Neste caso, a segurança dos dados é prioridade. Não à toa, os prontuários digitais estão protegidos pelo sigilo médico e pela Lei Geral de Proteção de Dados (LGPD), de 2018, que classifica as informações de saúde dos pacientes como dados sensíveis. Daí a exigência de medidas rigorosas de controle e proteção, desde a coleta até o descarte das informações.
Cabe destacar que o prontuário é propriedade do paciente, e não do médico. “Pouca gente se dá conta disso. Seja no papel ou digital, o prontuário é do paciente, que pode, inclusive, pedir a portabilidade dos dados para outra instituição de saúde”, diz Nicole.

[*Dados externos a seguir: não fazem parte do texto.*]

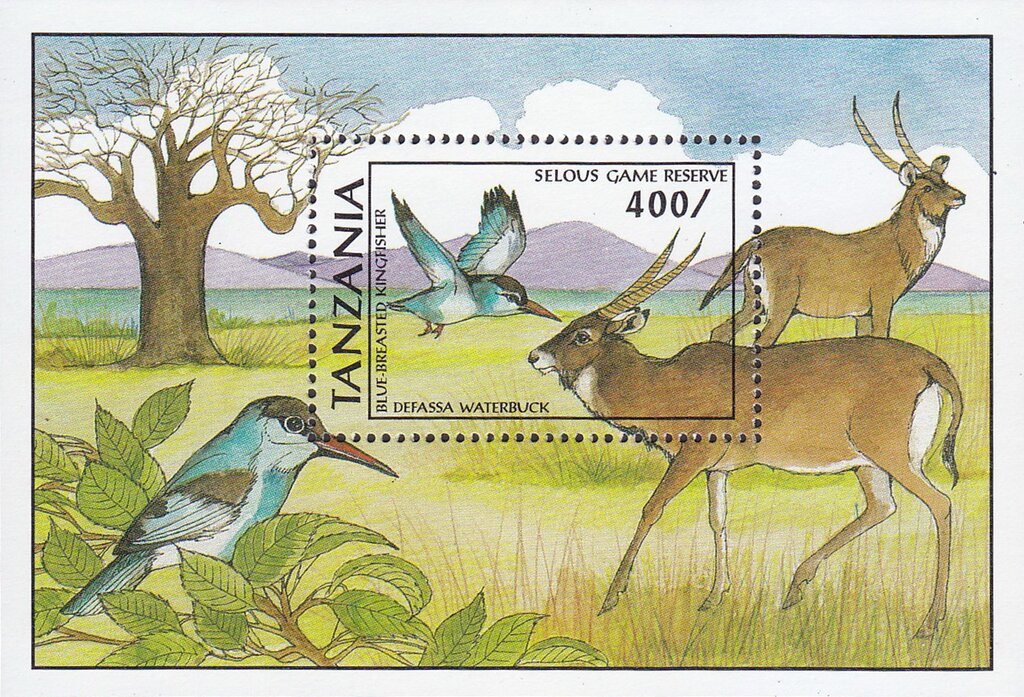 Blue-breasted Kingfisher, Waterbuck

O avanço da tecnologia também causou impactos no setor de saúde suplementar do país. Em 2021, foram registradas 32 operações de fusão e aquisição, movimento que envolve nomes como Dasa, Hapvida, Fleury, NotreDame Intermédica, Rede D’Or, SulAmérica, configurando uma tendência de maior consolidação do mercado e de movimentos como verticalização, parcerias e a criação de ecossistemas de saúde. A expectativa é que esse processo gere mais oportunidades de fomentar a concorrência, segundo Luciana Sakamoto, que também atua como associada sênior da área de life sciences & healthcare do escritório Pinheiro Neto Advogados.
Outra consequência foi o incremento das healthtechs, startups que oferecem produtos já desenvolvidos e prontos para as grandes empresas do setor. “A tecnologia chegou para ajudar a reduzir custos, otimizar processos e auxiliar na gestão do plano de saúde, seja na ponta da operadora de plano de saúde, seja na ponta do contratante dos planos de saúde coletivos empresariais”, afirma Luciana.